Starting off with some x86 instruction examples

Since the x86-64 instruction set simply extends the x86 instruction set, it's a good idea to first take a look at some x86 encoding examples so that we can better understand how the x86-64 encoding is derived from the x86 encoding later.

x86 has 8 registers, 32-bits wide: eax, ecx, edx, ebx, rsp, ebp, esi, edi.

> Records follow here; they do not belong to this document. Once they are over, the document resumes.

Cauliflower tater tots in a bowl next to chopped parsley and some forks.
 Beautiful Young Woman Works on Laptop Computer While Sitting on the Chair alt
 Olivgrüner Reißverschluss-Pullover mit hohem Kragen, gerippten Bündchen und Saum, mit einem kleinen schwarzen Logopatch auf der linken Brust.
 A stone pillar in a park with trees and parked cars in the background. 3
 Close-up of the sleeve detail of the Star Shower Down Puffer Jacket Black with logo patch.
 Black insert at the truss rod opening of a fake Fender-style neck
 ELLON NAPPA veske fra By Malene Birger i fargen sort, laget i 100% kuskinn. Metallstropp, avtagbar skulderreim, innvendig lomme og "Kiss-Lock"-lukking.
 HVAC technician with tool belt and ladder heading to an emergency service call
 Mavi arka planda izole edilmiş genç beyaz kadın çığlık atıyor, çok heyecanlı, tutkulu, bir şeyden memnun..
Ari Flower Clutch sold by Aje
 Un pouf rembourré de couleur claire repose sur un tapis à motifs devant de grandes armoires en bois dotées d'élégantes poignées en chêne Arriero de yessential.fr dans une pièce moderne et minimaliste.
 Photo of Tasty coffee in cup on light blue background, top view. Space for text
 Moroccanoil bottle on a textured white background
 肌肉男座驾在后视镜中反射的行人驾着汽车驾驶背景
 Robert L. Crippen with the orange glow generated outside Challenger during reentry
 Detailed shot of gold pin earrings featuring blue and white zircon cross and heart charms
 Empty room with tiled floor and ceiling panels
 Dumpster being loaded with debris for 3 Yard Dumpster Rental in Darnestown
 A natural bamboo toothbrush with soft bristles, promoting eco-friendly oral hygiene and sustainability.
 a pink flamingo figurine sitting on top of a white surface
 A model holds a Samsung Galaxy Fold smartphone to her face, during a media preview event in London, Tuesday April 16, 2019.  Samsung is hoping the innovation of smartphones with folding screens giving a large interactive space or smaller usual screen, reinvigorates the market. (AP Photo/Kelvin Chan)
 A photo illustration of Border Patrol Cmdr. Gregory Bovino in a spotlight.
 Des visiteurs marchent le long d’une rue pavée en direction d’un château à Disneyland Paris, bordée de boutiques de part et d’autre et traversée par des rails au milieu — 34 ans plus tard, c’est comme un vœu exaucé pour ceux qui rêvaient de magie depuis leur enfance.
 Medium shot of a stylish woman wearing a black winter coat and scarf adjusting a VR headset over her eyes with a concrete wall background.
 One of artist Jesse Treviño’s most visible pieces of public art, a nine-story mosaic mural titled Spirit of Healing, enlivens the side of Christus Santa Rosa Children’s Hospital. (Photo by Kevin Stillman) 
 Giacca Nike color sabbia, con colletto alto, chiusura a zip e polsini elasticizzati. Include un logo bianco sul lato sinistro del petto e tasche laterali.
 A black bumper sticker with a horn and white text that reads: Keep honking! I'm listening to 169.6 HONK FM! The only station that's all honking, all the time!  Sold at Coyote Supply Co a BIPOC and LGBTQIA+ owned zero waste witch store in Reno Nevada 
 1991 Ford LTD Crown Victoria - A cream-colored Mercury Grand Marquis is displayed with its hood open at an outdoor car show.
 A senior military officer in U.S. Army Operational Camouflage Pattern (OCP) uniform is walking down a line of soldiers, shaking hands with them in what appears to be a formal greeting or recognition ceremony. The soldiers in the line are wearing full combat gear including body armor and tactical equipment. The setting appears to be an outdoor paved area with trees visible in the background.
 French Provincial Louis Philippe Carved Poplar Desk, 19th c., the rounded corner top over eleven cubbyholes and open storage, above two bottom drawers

They are internally numbered 0 to 7 respectively.

Now, let's take a look at some examples:

A simple encoding: ADD eax, 0x4351ff23

Let's start with a simple example of adding a 32-bit immediate value to the eax register. (The value 0x4351ff23 is just a random value I picked, you can use your own).

Looking at http://ref.x86asm.net/geek32-abc.html, we can see many entries listed under ADD:

mnemonicop1op2po
ADDEbGb00
ADDEvGv01
ADDGbEb02
ADDGvEv03
ADDALIb04
ADDeAXIv05
ADDEbIb80
ADDEvIv81

(I've cut out most of the columns of the table since the table was going off the screen)

This is because while the assembly might call all of these instructions "ADD", they all have different opcodes internally. Which opcode you should use (and overall, the encoding of the instruction) depends on the type of your operands. This information is listed under the op1 and op2 columns of the table.

For our instruction, we are looking to operate on eAX as operand1 and Iv (meaning Immediate 32-bit value) as operand2. Looking at the table, we can see that Row 6 (highlighted yellow) matches what we want. The opcode of the instruction is listed under the po column, and is 0x05. So, the first byte of our instruction is 0x05:

+------+
| 0x05 |
+------+
  ^ First byte is the opcode.

Next comes our immediate value, which is 32-bits (4 bytes) long. Note that immediates values are encoded with little endian byte order --- that is, least significant byte first.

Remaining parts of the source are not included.